I lavoratori liguri, dalla Finmeccanica a Fincantieri, sono alla testa anche della lotta perché il Governo si impegni sulla crescita e la politica industriale. In Italia le grandi imprese sono sempre di meno e il capitalismo è sempre più piccolo: dobbiamo ripensare il nostro modello. Come spiega lo storico Giuseppe Berta, “l’Italia è cresciuta quando si è affidata alla formula mista di interventi dello Stato e di mobilitazione di energie private”. L’economia mista finì con la Prima Repubblica, e da allora il Paese non cresce più. Non si tratta di tornare al passato, ma in tutto il mondo si discute dell’intervento pubblico. Cosa aspettiamo a farlo anche noi? Marchionne è il nuovo mito, ma è, dice Berta, “il simbolo del successo dello Stato in economia”: ha potuto fare quello che ha fatto alla Chrysler solo perché la Casa Bianca gli ha dato i soldi. L’Italia non cresce perché non c’è qualità, che si ottiene con più formazione, ricerca, stimoli all’innovazione. E perché ci sono troppe diseguaglianze sociali: i sei Paesi europei a minor diseguaglianza sono quelli che crescono di più.

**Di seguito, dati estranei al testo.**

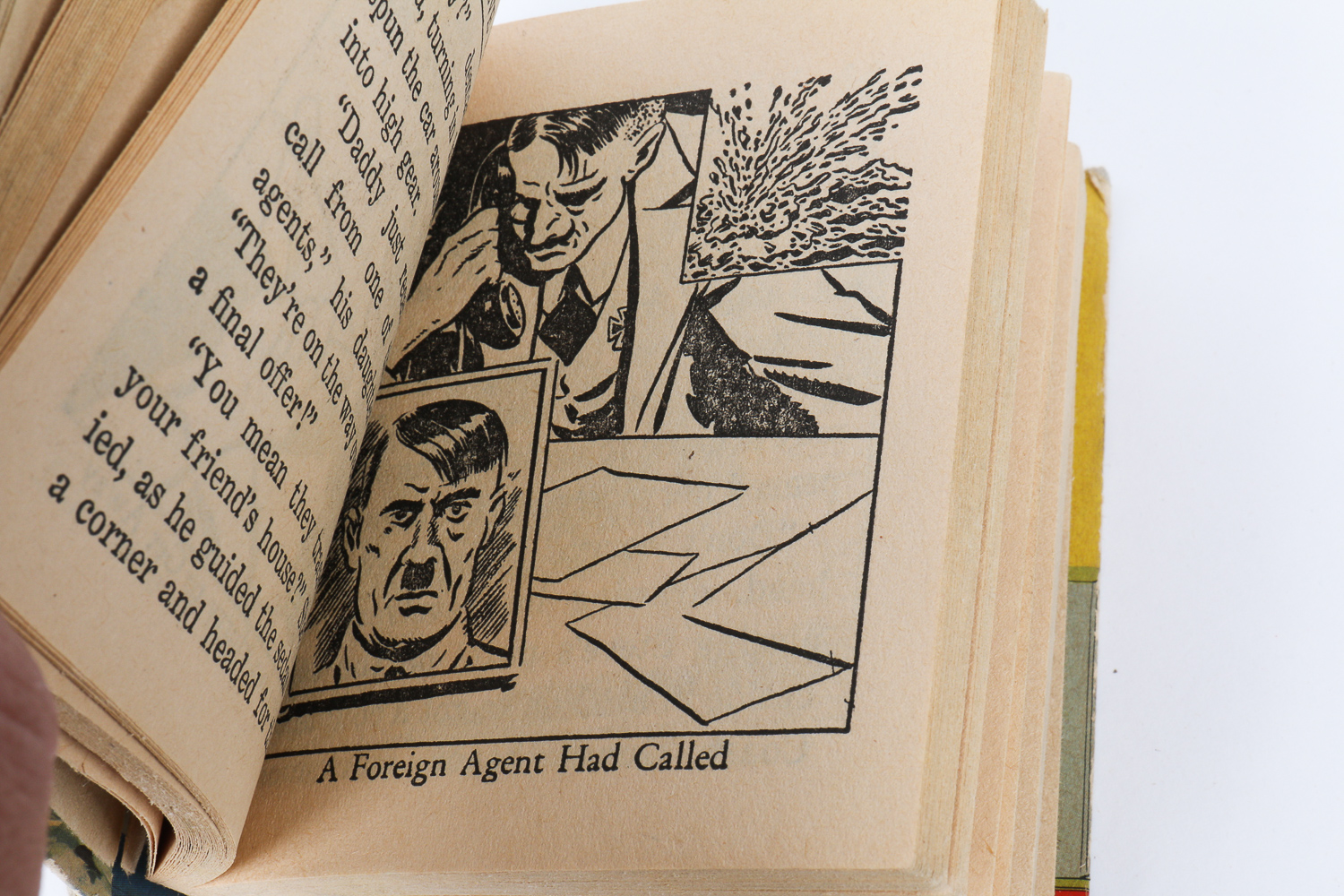 "Big Little Books" WWII Flip Books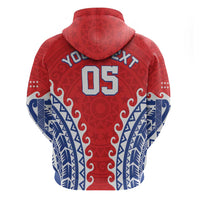 Custom Tuamotu Archipelago Hoodie Polynesian Tribal Tattoo LT05 - Polynesian Pride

Dalla Liguria che lavora sale dunque il rigetto di una modernità che riduce il lavoro a merce, che consegna il primato al mercato, che rifiuta la cultura della mediazione, fondamentale per la democrazia. E’ l’ideologia neoliberista, che da noi è l’ideologia dei tecnici: è di corto respiro e non ci farà uscire dalla crisi. Perché, come spiega Giuseppe De Rita,” i tecnici sono lontani dalla società”: la “verticalizzazione del potere è coerente con il mercato internazionale ma è incoerente con la quotidiana realtà italiana”, in cui “la mediazione della politica è necessaria”. La politica è arretrata in questi anni perché il neoliberismo ha messo in crisi il compromesso tra democrazia e capitalismo. Ma oltre l’esclusivo recinto dei tecnici ci sono altri mondi e pensieri, che possono dar vita a un nuovo compromesso, che non penalizzi le classi più umili. Non è vero che esistono ricette obbligate, e che lo scettro va per forza affidato all’Europa dei mercati. L’incantesimo dei tecnici può essere spezzato.